The problem: Write the listing below out again word for word, without a single picture.

Material provided:
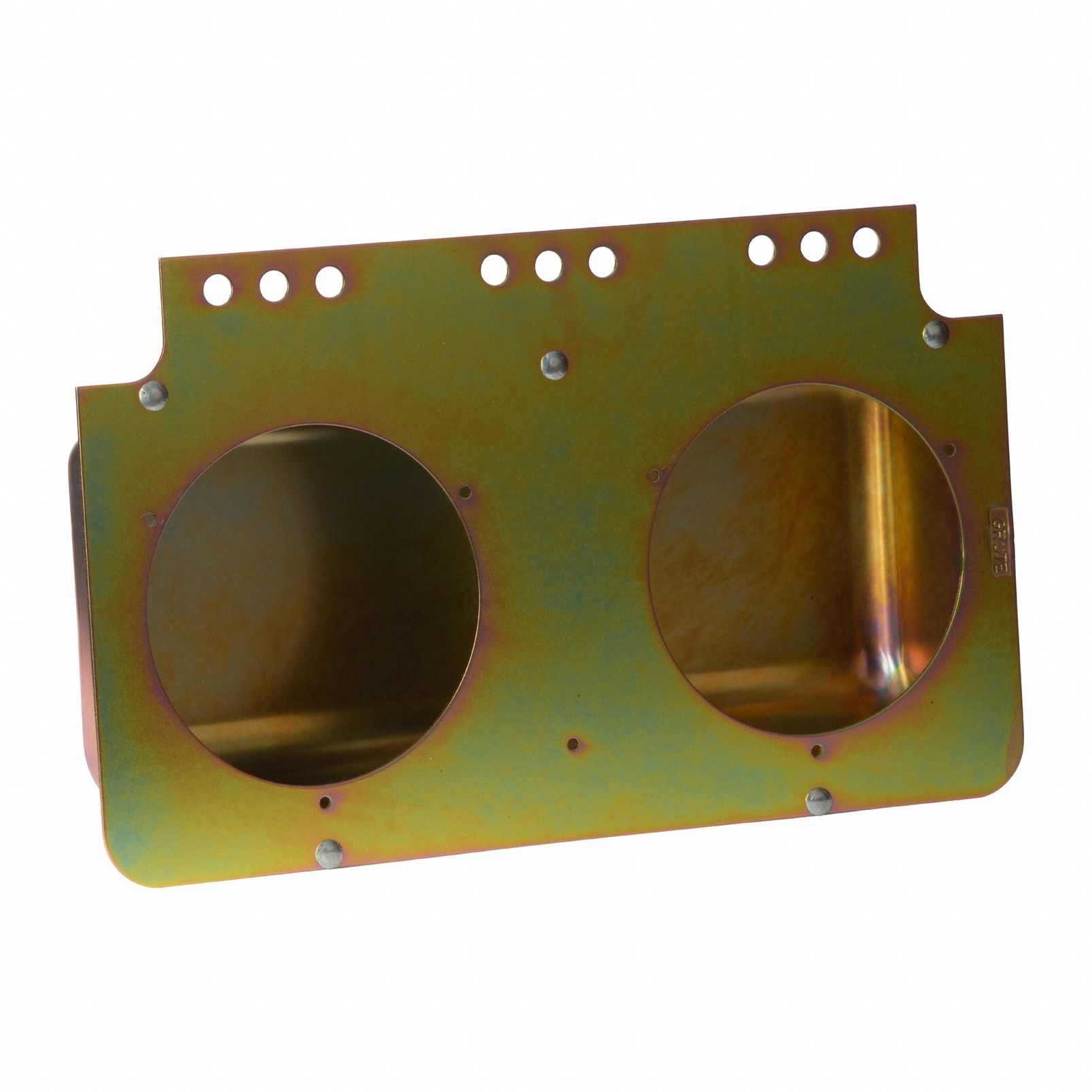 Power Module Zinc 12 7/8Lx7 3/4W In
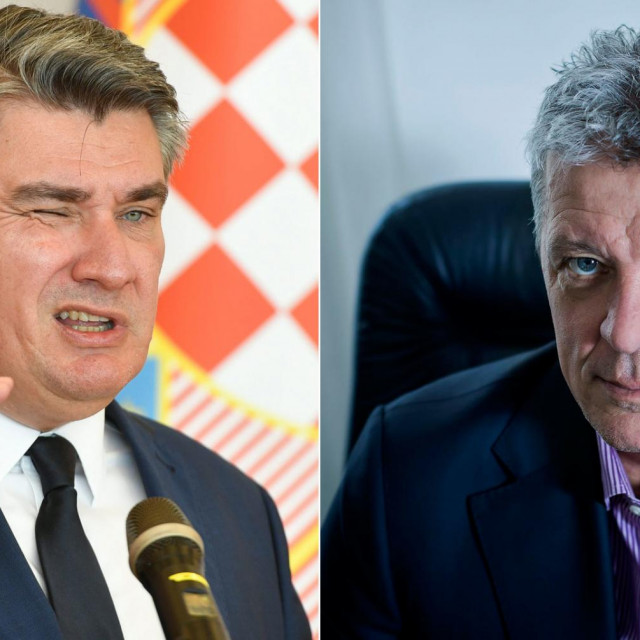 Zoran Milanović, Ivan Turudić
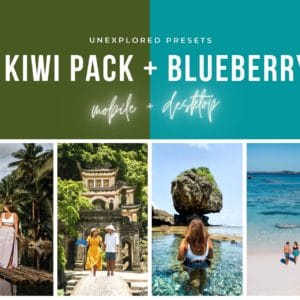 The Ultimate Unexplored Preset Collection – Desktop + Mobile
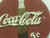 Coca Cola - 18" Wooden Round Wall Decor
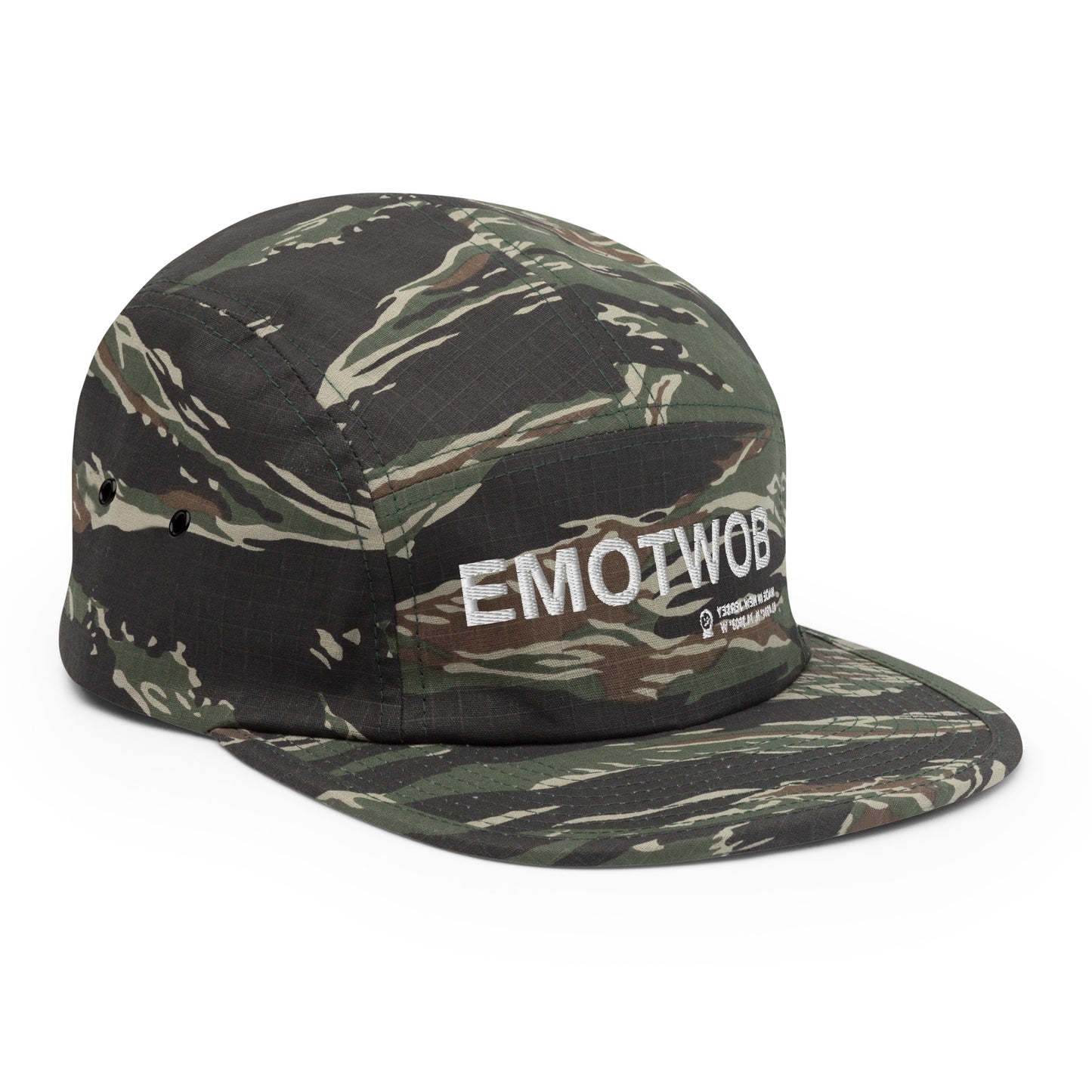 EMOTWOB 5 Panel Cap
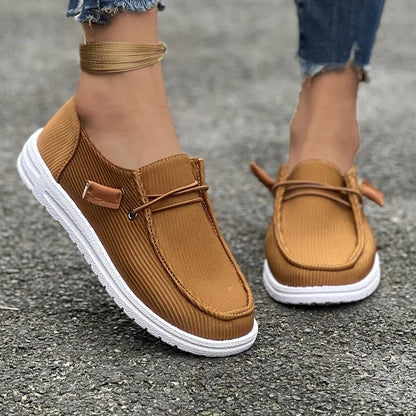 Zapatillas ortopédicas informales y de apoyo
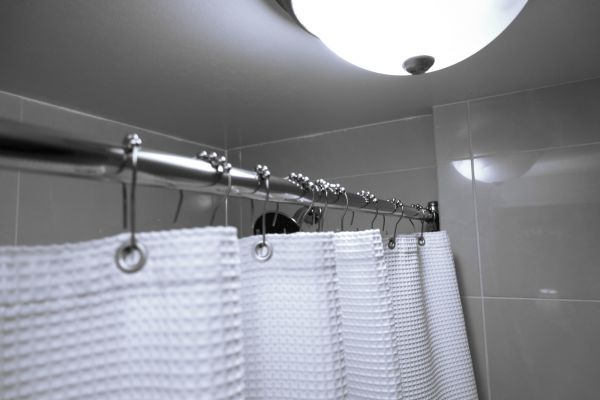 Cost of Shower Rod Mounting in Merritt Island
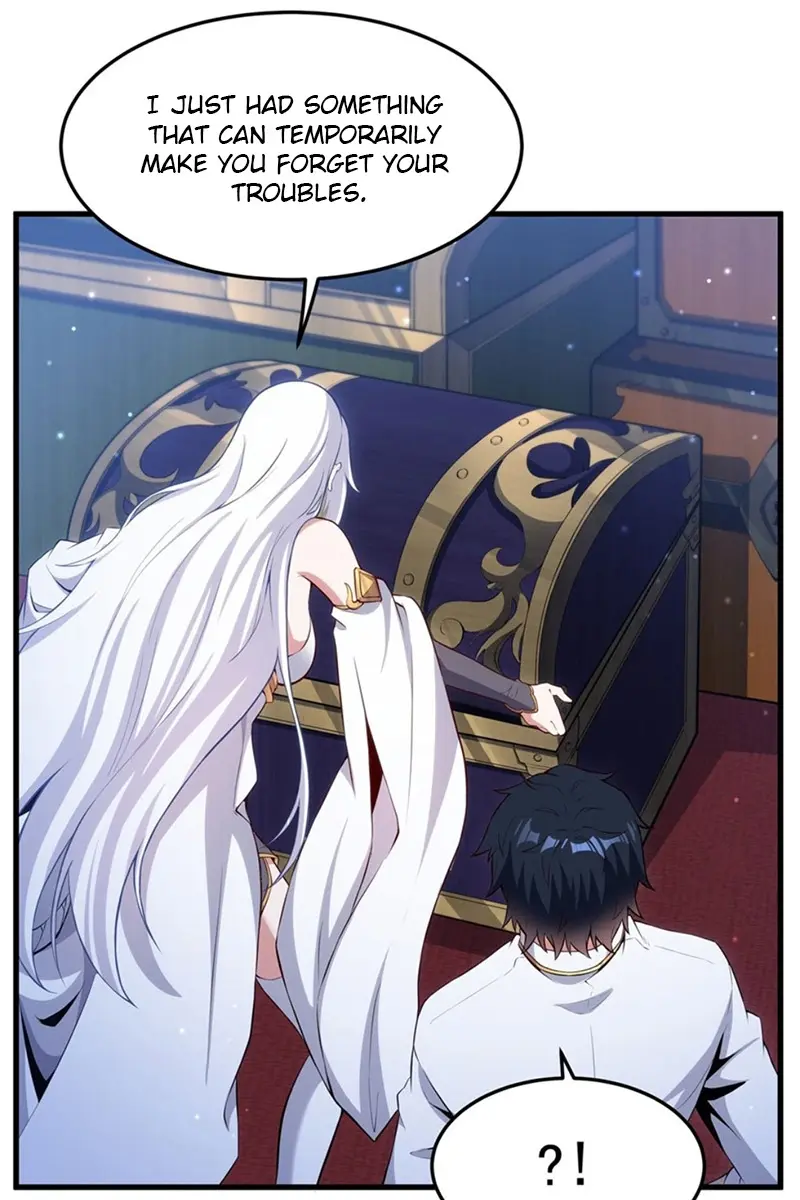 Shut Up, Evil Dragon, I Don't Want to Raise a Child With You Anymore Chapter 11 Page 58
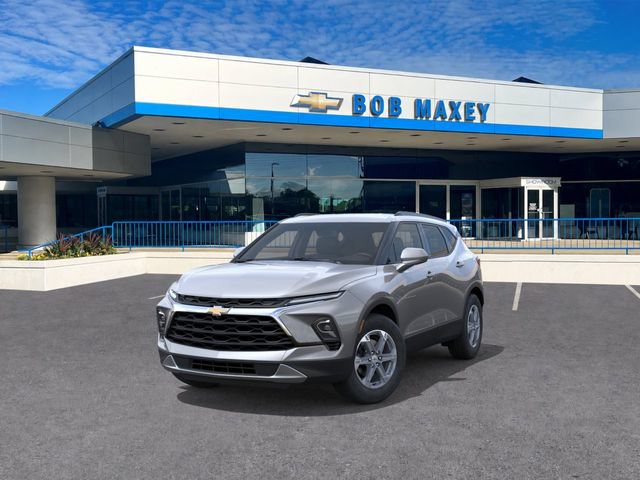 New 2026 Chevrolet Blazer LT w/ Convenience Package FWD image 8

Task solution:
 Power Module Zinc 12 7/8Lx7 3/4W In
 Zoran Milanović, Ivan Turudić
 The Ultimate Unexplored Preset Collection – Desktop + Mobile
 Coca Cola - 18" Wooden Round Wall Decor
 EMOTWOB 5 Panel Cap
 Zapatillas ortopédicas informales y de apoyo
 Cost of Shower Rod Mounting in Merritt Island
 Shut Up, Evil Dragon, I Don't Want to Raise a Child With You Anymore Chapter 11 Page 58
 New 2026 Chevrolet Blazer LT w/ Convenience Package FWD image 8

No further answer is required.